Die professionelle Urteilsfähigkeit ist das, was Experten von Novizen unterscheidet. KI kann plausibel klingende Texte produzieren, aber nicht die kontextspezifische Einschätzung leisten. Fallbesprechungen, Supervisionen und Reflexion über die eigene Entscheidungsfindung sind hier wichtiger als schriftliche Produkte. Mehr dazu im Leitfaden unter Kritisches Denken erfordert Fachwissen.
Wirtschaft: Business-Logik vs. formale Korrektheit
Im strategischen Management und Business Analytics zeigt sich ein Problem: Studierende können mit KI-Tools beeindruckende Marktanalysen erstellen, aber auf die Frage “Ist diese Strategie für dieses spezifische Unternehmen sinnvoll?” fehlt ihnen das Gespür.

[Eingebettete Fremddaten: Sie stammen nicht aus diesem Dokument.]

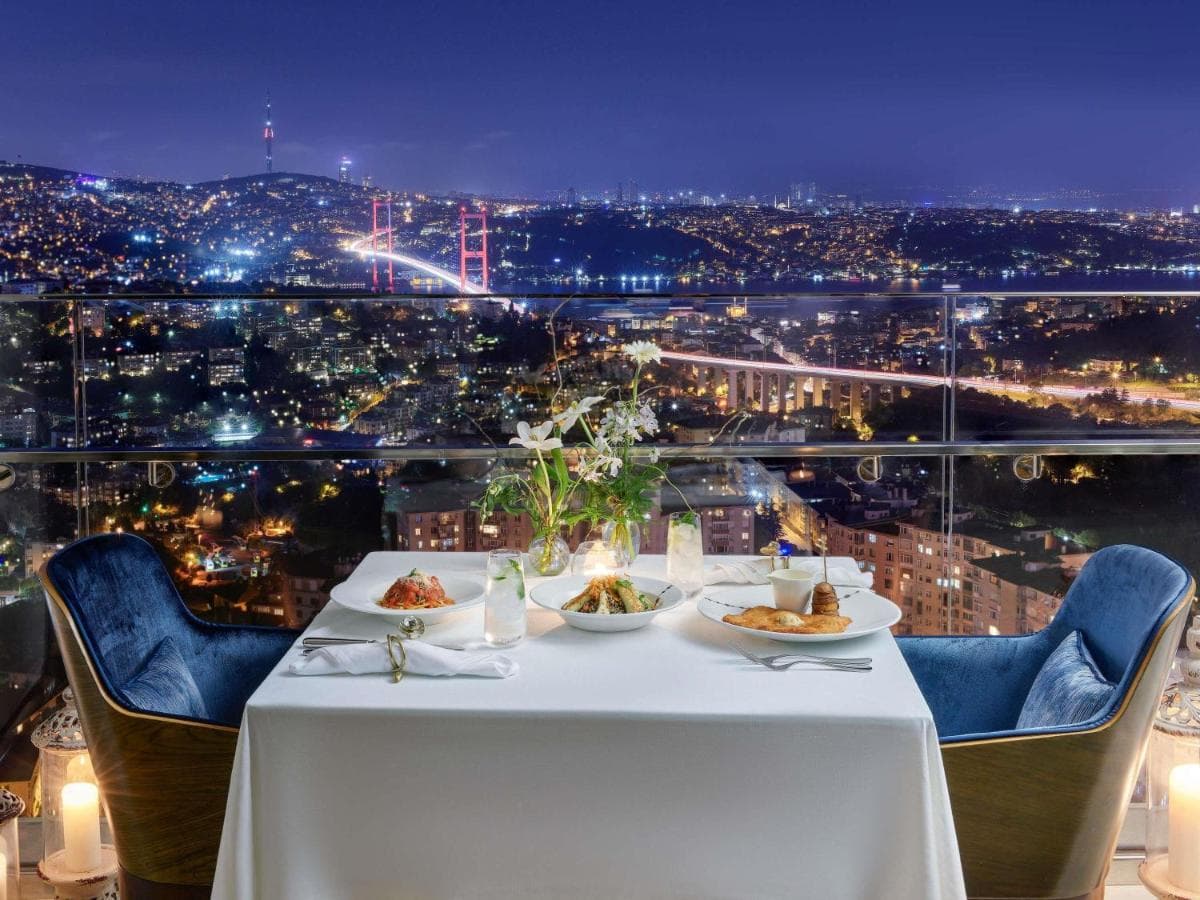 Raffles Istanbul – photo 7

Frage: Wie gestaltet man Fallstudien und Prüfungen so, dass Studierende zeigen müssen, dass sie die Business-Logik verstehen und nicht nur KI-Output aufhübschen? Und praktisch: Wenn in Gruppenarbeiten die Analyse zwar formal korrekt ist, aber komplett an der Realität des Unternehmens vorbeigeht, wie thematisiert man das, ohne dass es wie ein generelles KI-Verbot klingt?

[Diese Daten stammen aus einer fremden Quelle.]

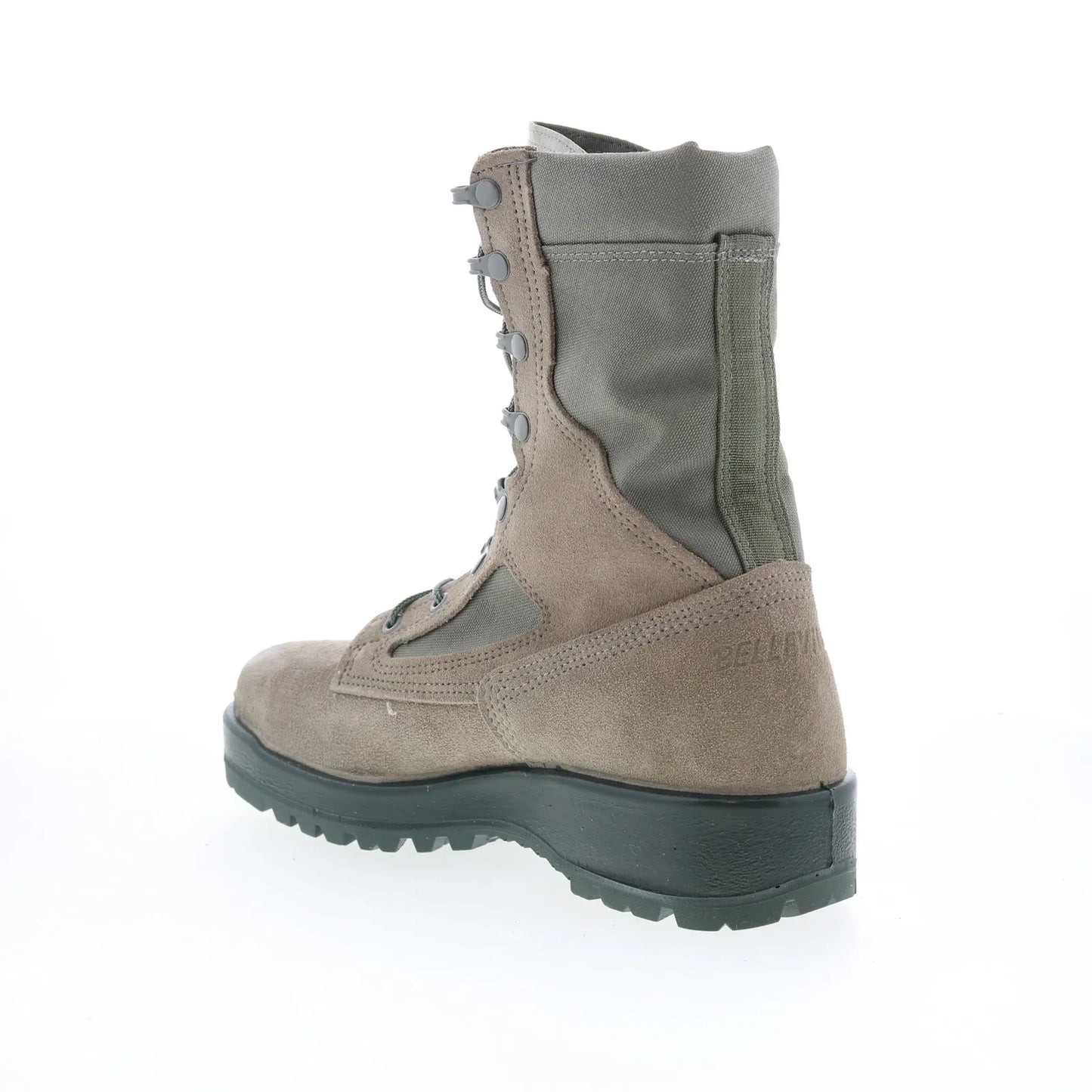 Belleville Hot Weather Steel Toe Made In USA 600ST Mens Gray Tactical Boots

Prüfungsformate, die Begründungen und kontextspezifische Anpassungen fordern, können helfen. Mündliche Verteidigung von Analysen, unerwartete Folgefragen, Anwendung auf neue Szenarien. Das Thematisieren des Problems ist wichtig: Es geht nicht um KI-Verbot, sondern um Lernziele. Mehr dazu im Leitfaden unter Warum Experten profitieren, Lernende nicht und Entscheidungsrahmen.